The latest news from The Hyve on Open Source solutions for bioinformatics

Recent Posts

The importance of a FAIR Data Strategy in enhancing the Data Value Lifecycle

August 24, 2020 | By Sukhi Singh

Every business process generates data which is used for decision making and to develop strategic plans. So you could say data guides business decisions. A sound and well built data strategy helps to ensure that data is indeed driving the right decisions. Without a data strategy and governance plan, information gets lost, data access is impeded and companies are unable to leverage the full potential of their data. This can also be a very costly affair in the long run as without appropriate data access and governance, data can be misused and exploited by the management officials and employees alike to match their hypothesis and decisions. This could create a trustless and incoherent environment – in a worst case scenario – little or no visibility of department data at the executive level.
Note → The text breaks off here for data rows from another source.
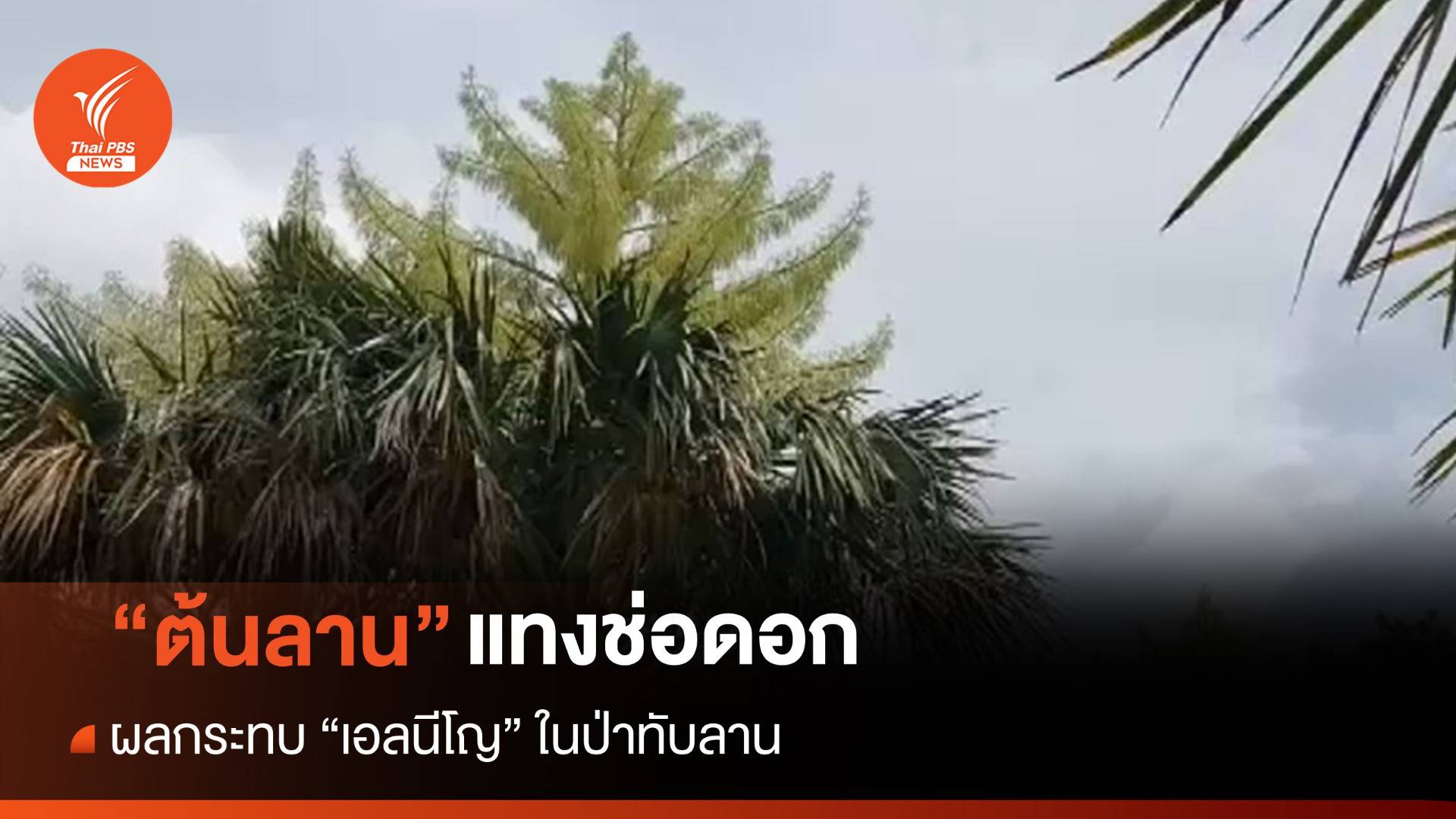 "เอลนีโญ" ส่งผลกระทบทำ "ต้นลาน" แทงช่อออกดอกในป่าทับลาน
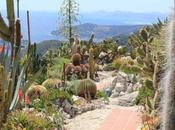 Amazing Unusual Tourist Attractions Monaco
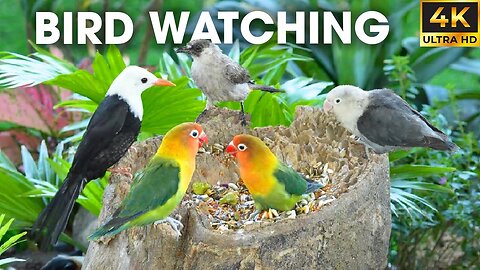 Relaxing Bird And Squirrel Video To Keep Your Cat Entertained For Hours - Video For Cats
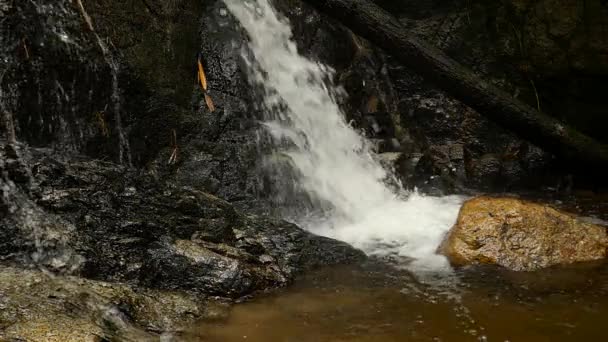 スローモーションは、熱帯林、山地の滝を急いでいます。美しい自然の背景. — ストック動画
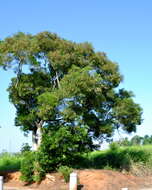 Image of small Philippine acacia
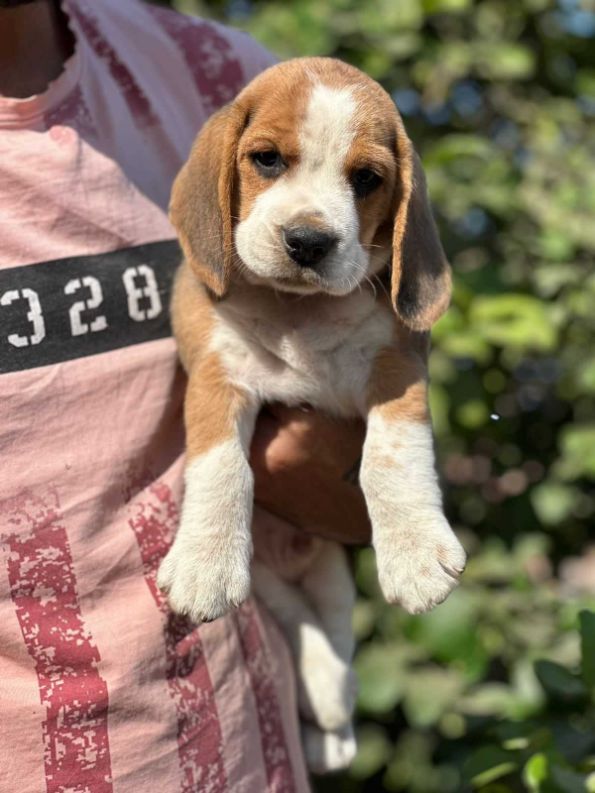 Beagle For Sale In Patna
A data strategy is essential for defining the scope and objectives of the data management scheme within an enterprise. Data strategy includes a set of decisions that formulate a high-level framework which facilitates maximum value extraction from the data. It helps in guiding data, from defining an initial need to utilizing them for the required impact. Core to an enterprise-level data strategy is the elimination of data silos (unilateral access and authority on stored and unconnected data), data redundancies and other bottlenecks which hamper the desired data flow within the company. Other important aspects of data strategy are a structured data governance program, data sharing with lineage tracking and provenance frameworks supported by accepted metadata models and standards (embedded within Data Catalogs), along with a data management scheme that respects the FAIR Guiding Principles. These principles facilitate knowledge discovery by making data Findable, Accessible, Interoperable, and Reusable – thus assisting humans and machines in their discovery, access, integration and analysis.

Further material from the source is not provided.